Most local nonprofits apparently do not understand the implicit “giving code” embodied by new high-tech donors. Likewise, many of these donors do not take the time or have the interest to understand local needs. Most of the nonprofit leaders do not move in the same social circles as the elite wealthy. They speak in moral language that emphasizes social responsibility rather than the transactional language of business and capitalism, and this gap in understanding results in nonprofit leaders stereotyped as not knowing how to think strategically. The David and Lucile Packard Foundation (the sponsor of the “Giving Code” study) and the Heising-Simons Foundation awarded 20 Giving Code Experimentation and Learning Grants to Silicon Valley nonprofits to help them improve their fundraising.
Semuels reports on the success the Boys & Girls Clubs of the Peninsula, which serves Silicon Valley, is having in breaking the “giving code” by deploying such time-tested tactics as introducing STEM education to its summer programming and producing an annual report they call their “Report to Stakeholders.”
And to really bring the money rolling in, he launched a “Shark Tank” event, in which “entrepreneurs”—employees and students—pitch wealthy Silicon Valley donors on certain programs, outlining just how much money they need and what “equity” the donors will receive on those programs. One presentation pitched the “sharks” a “unique and innovative cross-sector partnership”—a summer learning program—and talked about the program’s “marginal costs,” assuring potential donors that BGCP’s cost per student was lower than that of competing programs. The approach has been remarkably effective in bringing in money: Last year, the organization raised $2.7 million in 45 minutes from donors including George Roberts, the billionaire founder of investment firm Kohlberg Kravis Roberts & Co., who lives in nearby Atherton.

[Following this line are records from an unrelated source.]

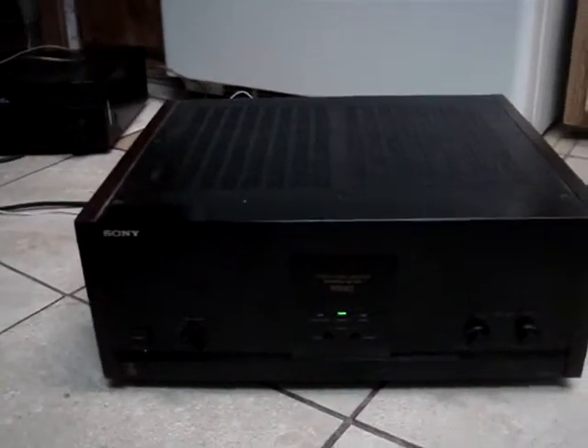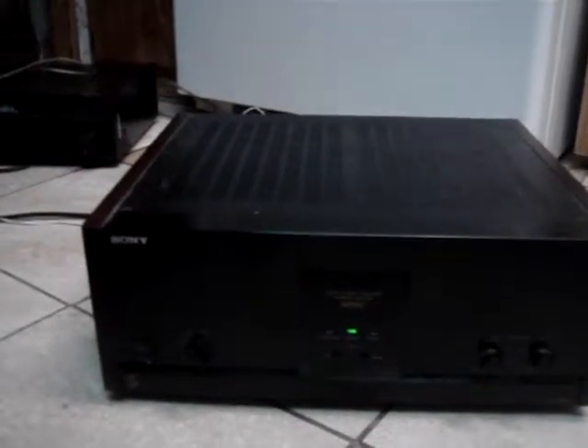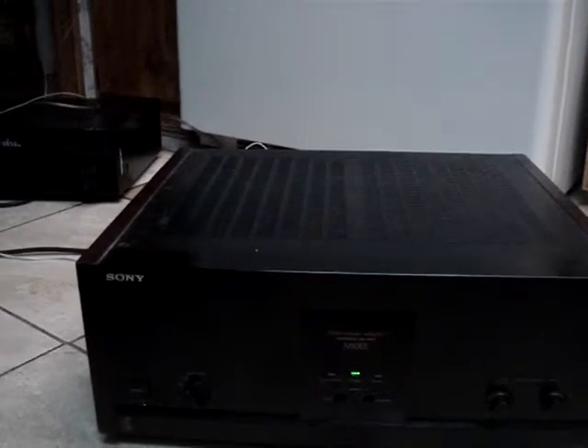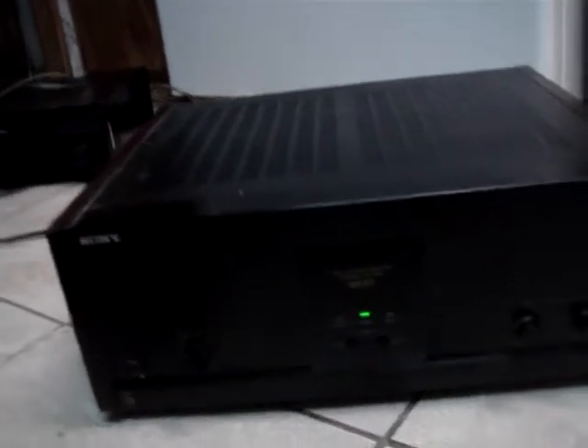That is a nice amplifier — the Sony TA-N80ES. Very heavy unit, about 60 pounds probably. Very nice unit, let's see how it works.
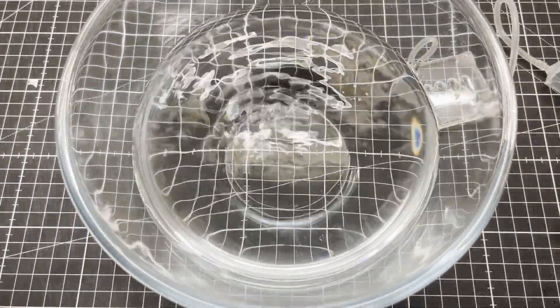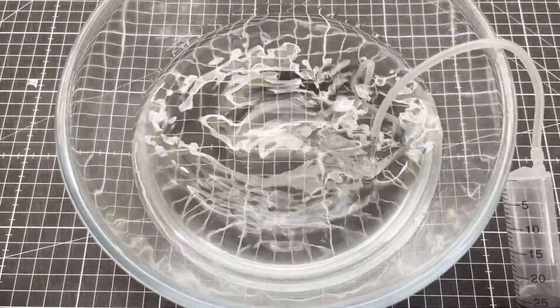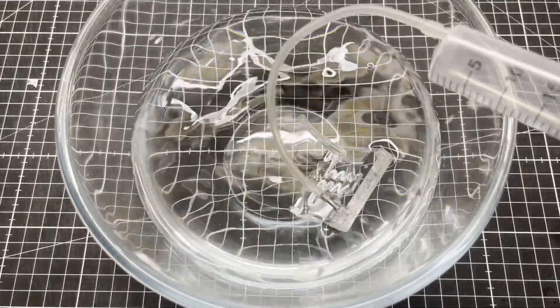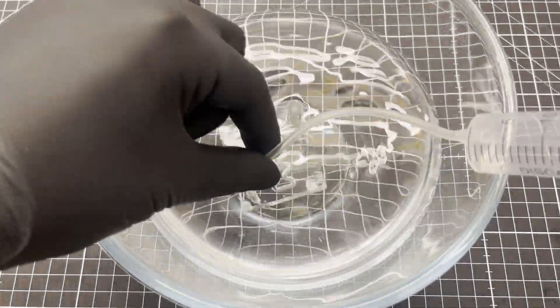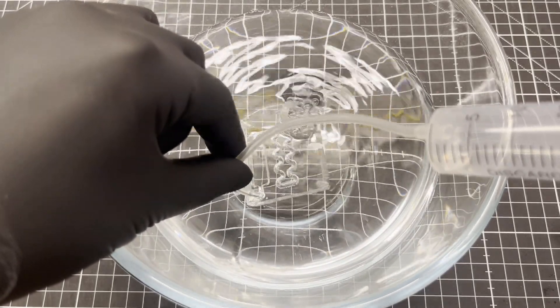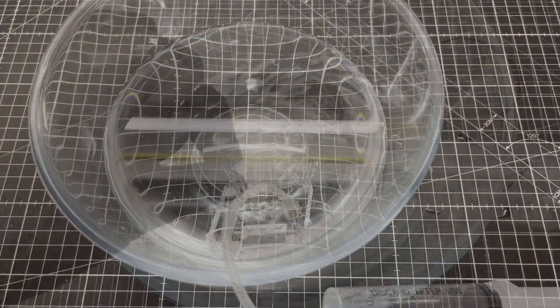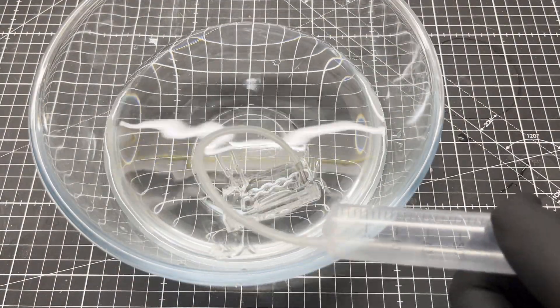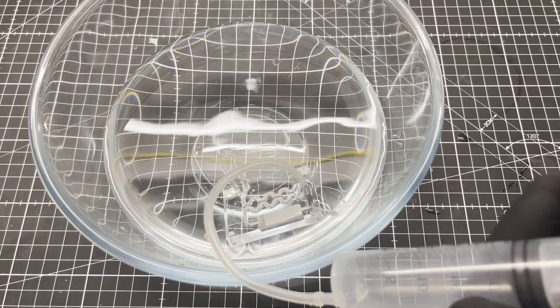Moment of truth: is the microfluidic device airtight and therefore waterproof? Apparently not. After a little rework, everything is fine.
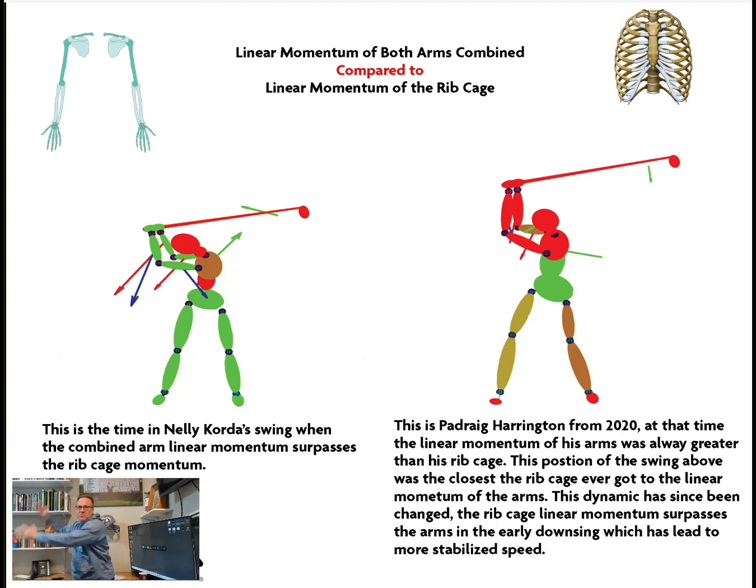His arm momentum was greater than his ribcage momentum, so there was no point in this area of the swing — at the end of the backswing, early downswing, or through impact — where his chest or ribcage had more momentum than his arms. Think about how massive the chest is. That has been the signifying change over the past 18 months to his swing: now there's higher momentum in the chest.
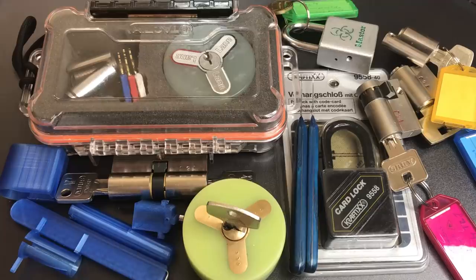This is the Lockpicking Lawyer, and what you see in front of you is a package that I recently received from Julian and Tobias in Germany. There's lots of really great stuff here, a few truly unique items. So let me take you through everything that was in there.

Semuels goes on to share how other local nonprofits are trying to pivot. Again, each example reveals nothing new to an NPQ reader. For example, Child Advocates of Silicon Valley offers a virtual-reality experience to help donors better understand the life of a foster kid. They are sharing metrics that show impact and they inform “potential donors that money invested in Child Advocates can help save public money in the long run.”
That Semuels does not even mention the very institution by definition established to support local nonprofits, the beleaguered Silicon Valley Community Foundation, speaks to the heart of the disconnect between Silicon Valley’s wealthy and the needs of the community. It reveals the moral component of Silicon Valley’s raison d’être as a crude afterthought, a vessel that provides cover for how the self-avowed world-changing sausage actually gets made.
Semuels concludes her article by asking a few questions that NPQ might ask, but she concludes with a chilling and unacceptable concession.
As nonprofits work to rethink how they pitch donors at the same time they’re serving greater need, some leaders told me that they sometimes wondered whether this was “fair,” whether nonprofits should have to change how they work to get money from the millionaires and billionaires in their backyards. A few leaders suggested that perhaps it’s the donors who should be changing their priorities, rather than expecting that cash-strapped nonprofits know how to both serve low-income customers and market themselves as an entrepreneur would—though they did not want to be quoted saying that, because they need more money. And anyway, it’s a moot question; in the end, nonprofits must do whatever the people with the money want.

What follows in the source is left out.